Work to complete ▸ Each line of the listing, apart from the pictures, is to be printed exactly.

Records for the task ▸
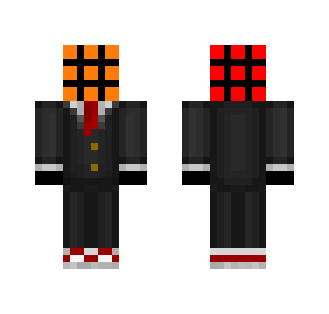 Mr. Rubik - Male Minecraft Skins - image 2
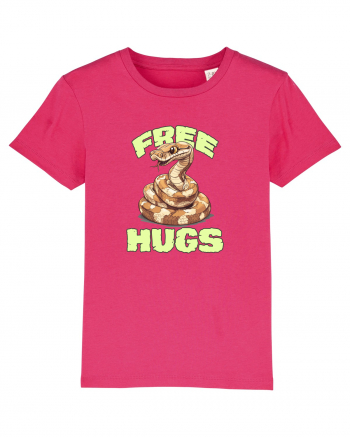 FREE HUGS - BOA CONSTRICTOR Raspberry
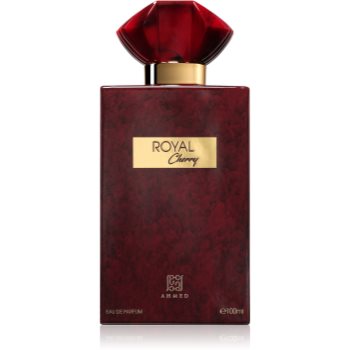 Ahmed Al Maghribi Royal Cherry Eau de Parfum pentru femei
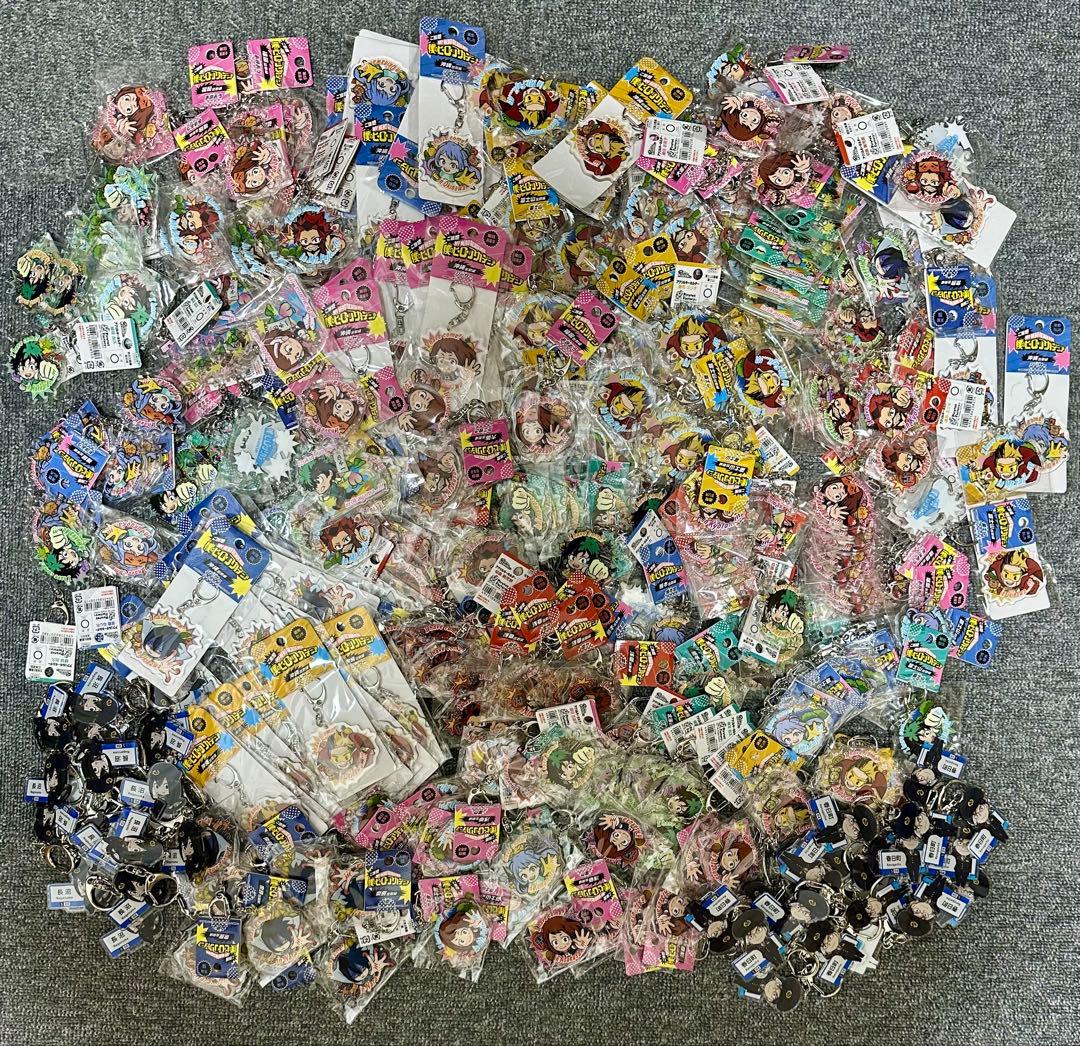 ★僕のヒーローアカデミア ヒロアカ ご当地アクリルキーホルダー　大量 まとめ売り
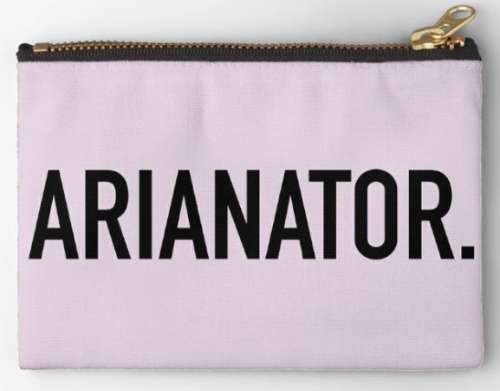 arianator zipper pouch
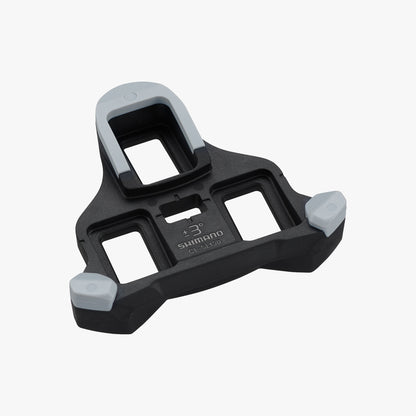 NEW Shimano CL-SL130 SPD-SLR Cleats For Fixed-Mount Outsoles, 6° Float, Grey, Pair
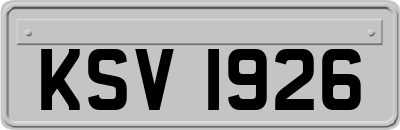 KSV1926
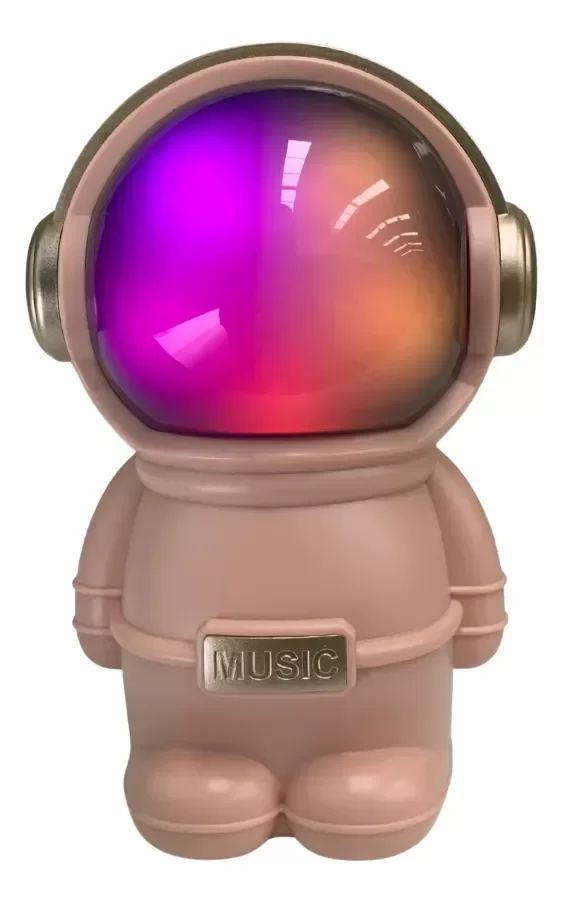 Producto - Parlante Bluetooth Astronauta Led 5w Portátil Recargable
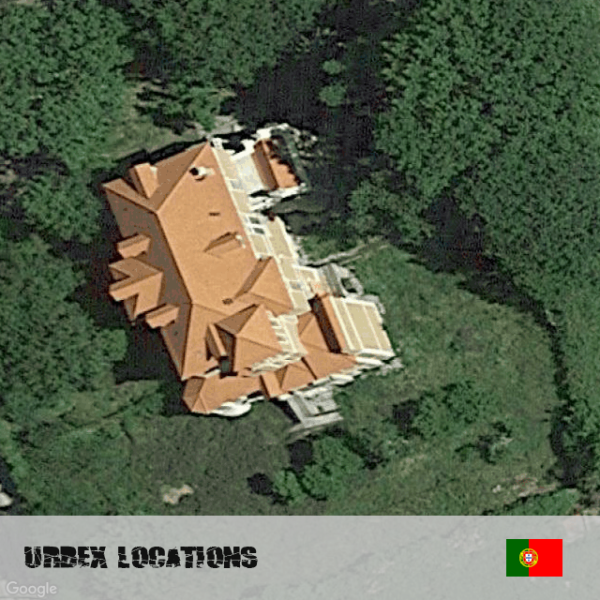 Viscondessa Villa Urbex GPS coordinates
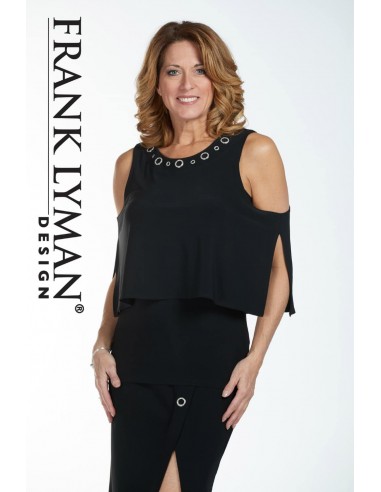 Frank Lyman Top Style 185049 Black en ligne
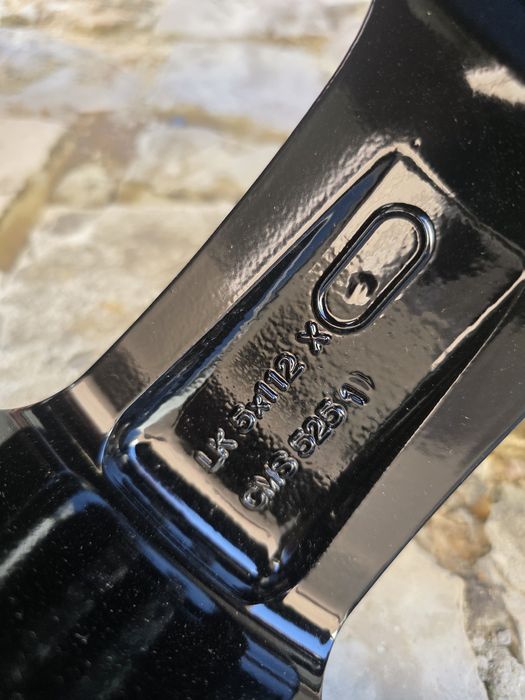 Jantes Aro 17 Preta Golf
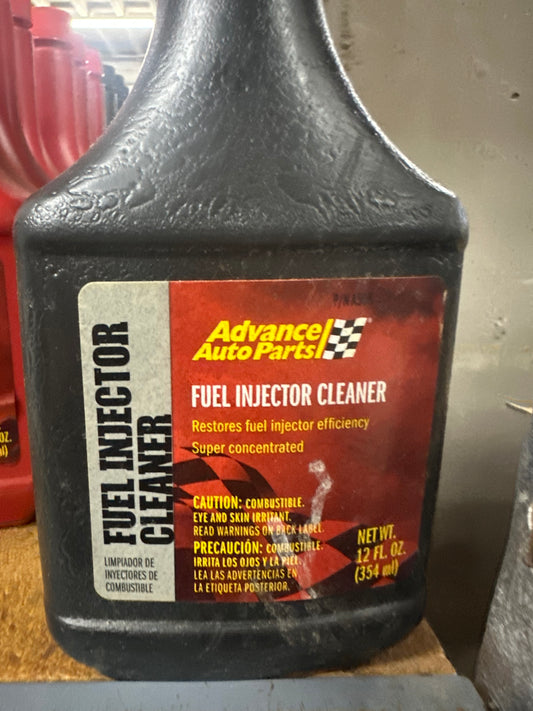 Advance Auto Parts Fuel Injector Cleaner 12 Oz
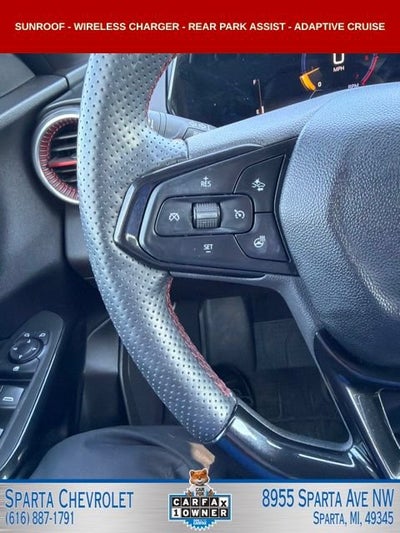 2024 Chevrolet Trax 2RS
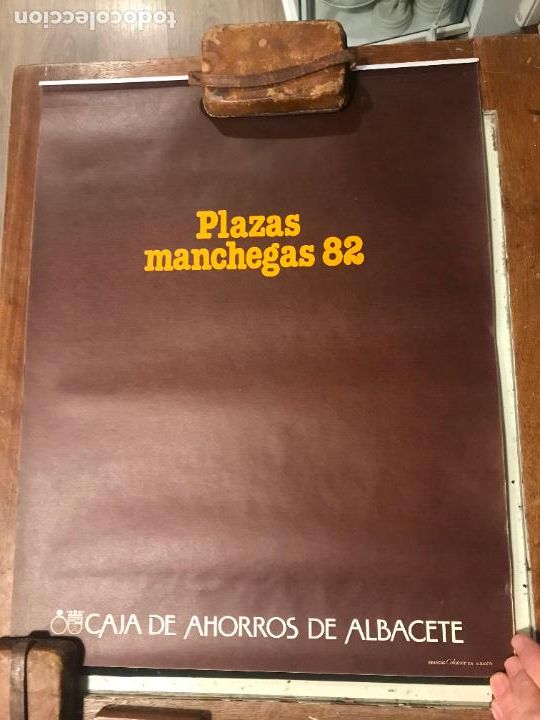 Coleccionismo calendarios: Calendario Plazas Manchegas 1982 ,Alcaraz,Tarazona,Villarrobledo,Tomelloso,El Bonillo,Manzanares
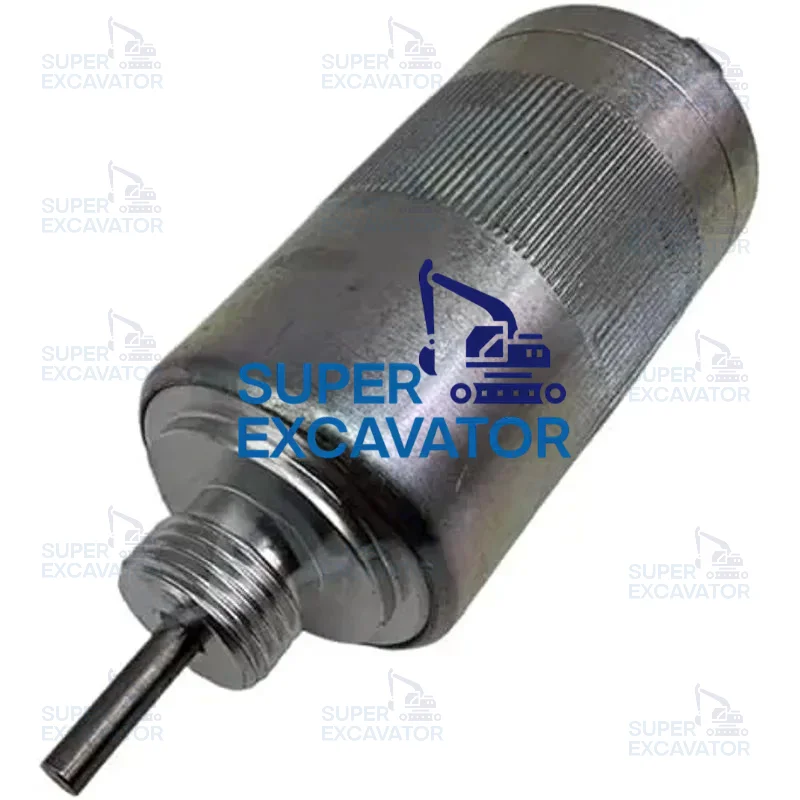 

Fuel Shutoff Solenoid 12V 185206083 Stop Solenoid Compatible with 402D-05 Engine Excavator Parts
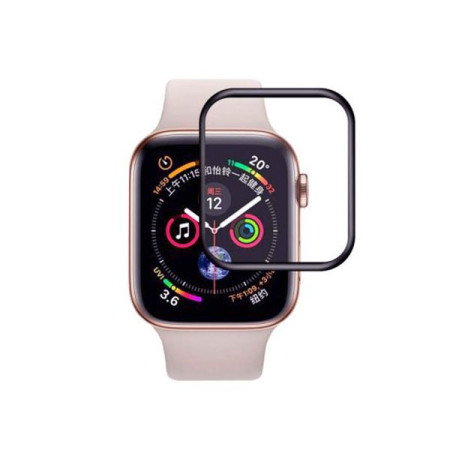 Защитное стекло Apple Watch 40mm 5D Black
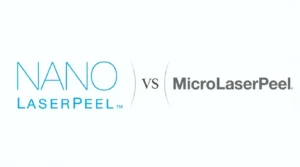 NanoLaserPeel and MicroLaserPeel logos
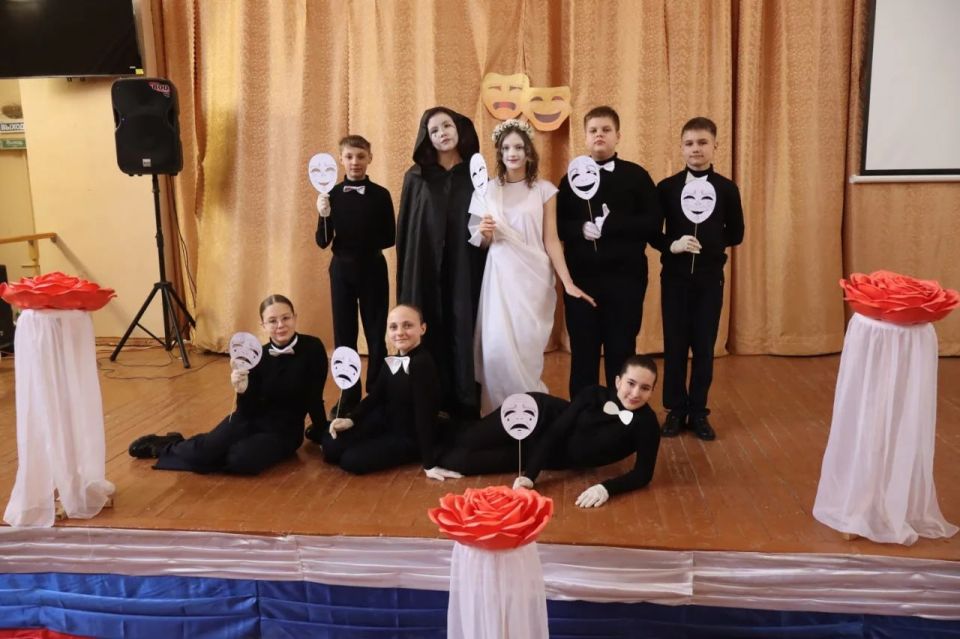 Театр – это место, где оживают мечты Театр – это место, где оживают мечты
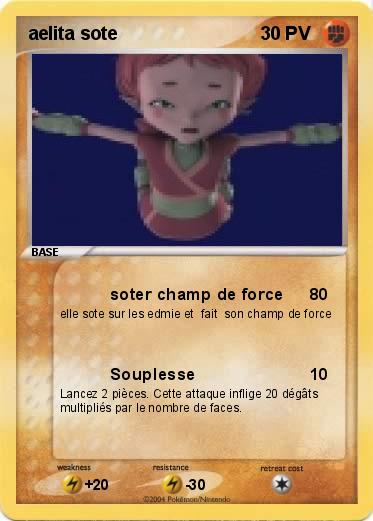 Pokemon aelita sote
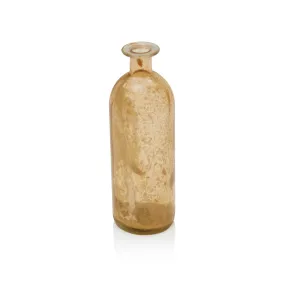 Clear Glass Bottle - Bronze Brown (A D)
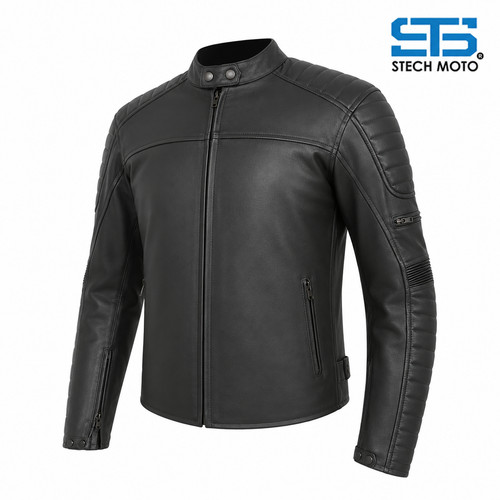 Moto giubbotto pelle tech - moto,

Solution to the exercise ▸
 Mr. Rubik - Male Minecraft Skins - image 2
 FREE HUGS - BOA CONSTRICTOR Raspberry
 Ahmed Al Maghribi Royal Cherry Eau de Parfum pentru femei
 ★僕のヒーローアカデミア ヒロアカ ご当地アクリルキーホルダー　大量 まとめ売り
 arianator zipper pouch
 NEW Shimano CL-SL130 SPD-SLR Cleats For Fixed-Mount Outsoles, 6° Float, Grey, Pair
 KSV1926
 Producto - Parlante Bluetooth Astronauta Led 5w Portátil Recargable
 Viscondessa Villa Urbex GPS coordinates
 Frank Lyman Top Style 185049 Black en ligne
 Jantes Aro 17 Preta Golf
 Advance Auto Parts Fuel Injector Cleaner 12 Oz
 2024 Chevrolet Trax 2RS
 Coleccionismo calendarios: Calendario Plazas Manchegas 1982 ,Alcaraz,Tarazona,Villarrobledo,Tomelloso,El Bonillo,Manzanares

Fuel Shutoff Solenoid 12V 185206083 Stop Solenoid Compatible with 402D-05 Engine Excavator Parts
 Защитное стекло Apple Watch 40mm 5D Black
 NanoLaserPeel and MicroLaserPeel logos
 Театр – это место, где оживают мечты Театр – это место, где оживают мечты
 Pokemon aelita sote
 Clear Glass Bottle - Bronze Brown (A D)
 Moto giubbotto pelle tech - moto,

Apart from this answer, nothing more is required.